(Material provided Opens)

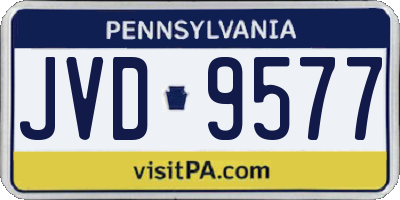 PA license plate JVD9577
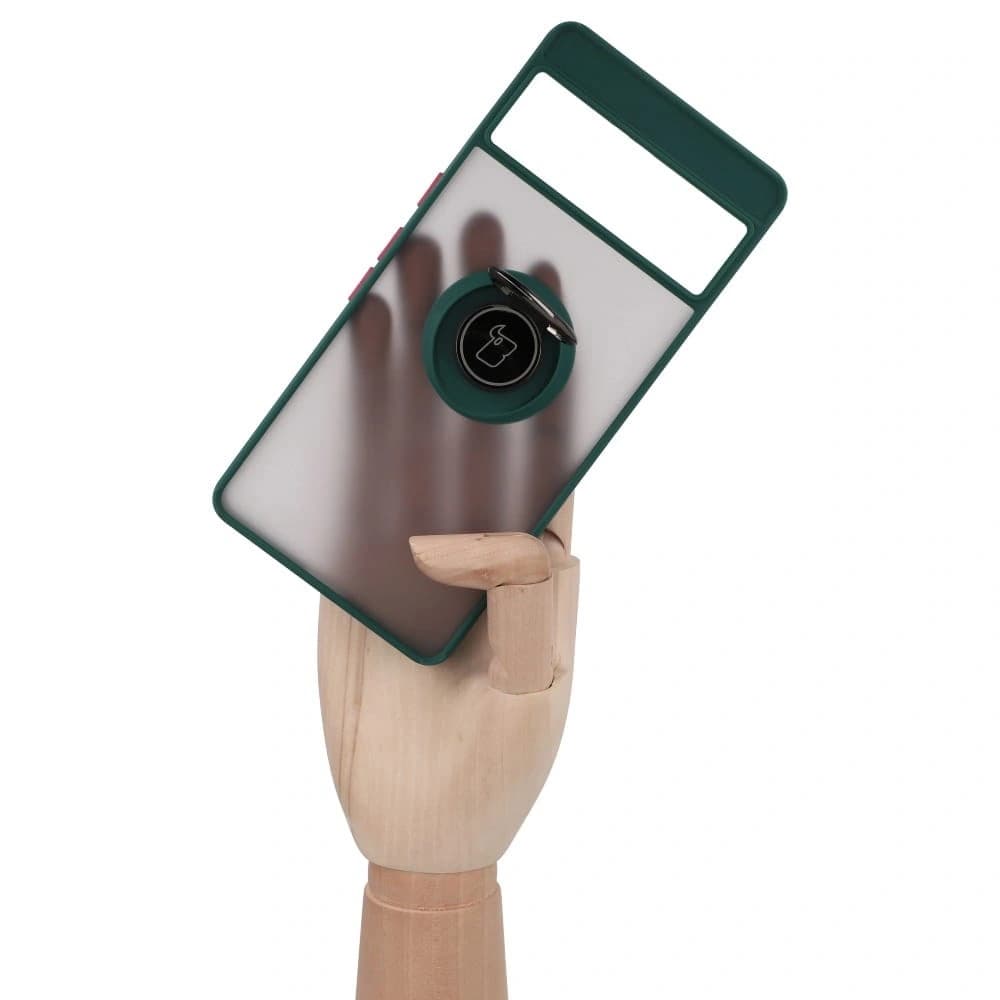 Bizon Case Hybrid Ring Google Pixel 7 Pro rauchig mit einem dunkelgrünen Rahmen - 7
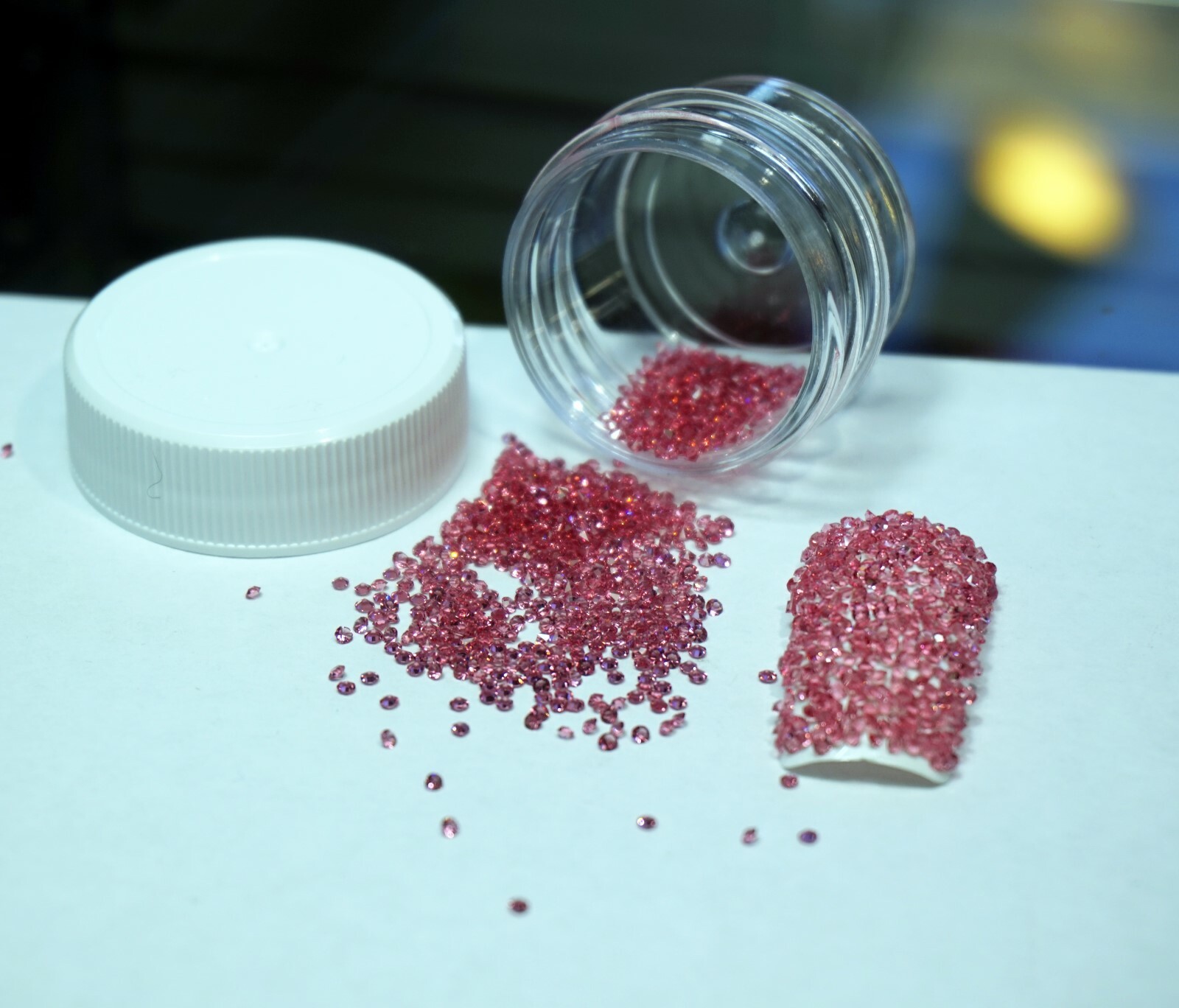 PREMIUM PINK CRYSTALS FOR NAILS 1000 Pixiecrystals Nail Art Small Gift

(Material provided Closes)

◆ Work task ◆
Using the data above, write out every line exactly, leaving the images behind.

◆ Response for this exercise ◆
 PA license plate JVD9577
 Bizon Case Hybrid Ring Google Pixel 7 Pro rauchig mit einem dunkelgrünen Rahmen - 7
 PREMIUM PINK CRYSTALS FOR NAILS 1000 Pixiecrystals Nail Art Small Gift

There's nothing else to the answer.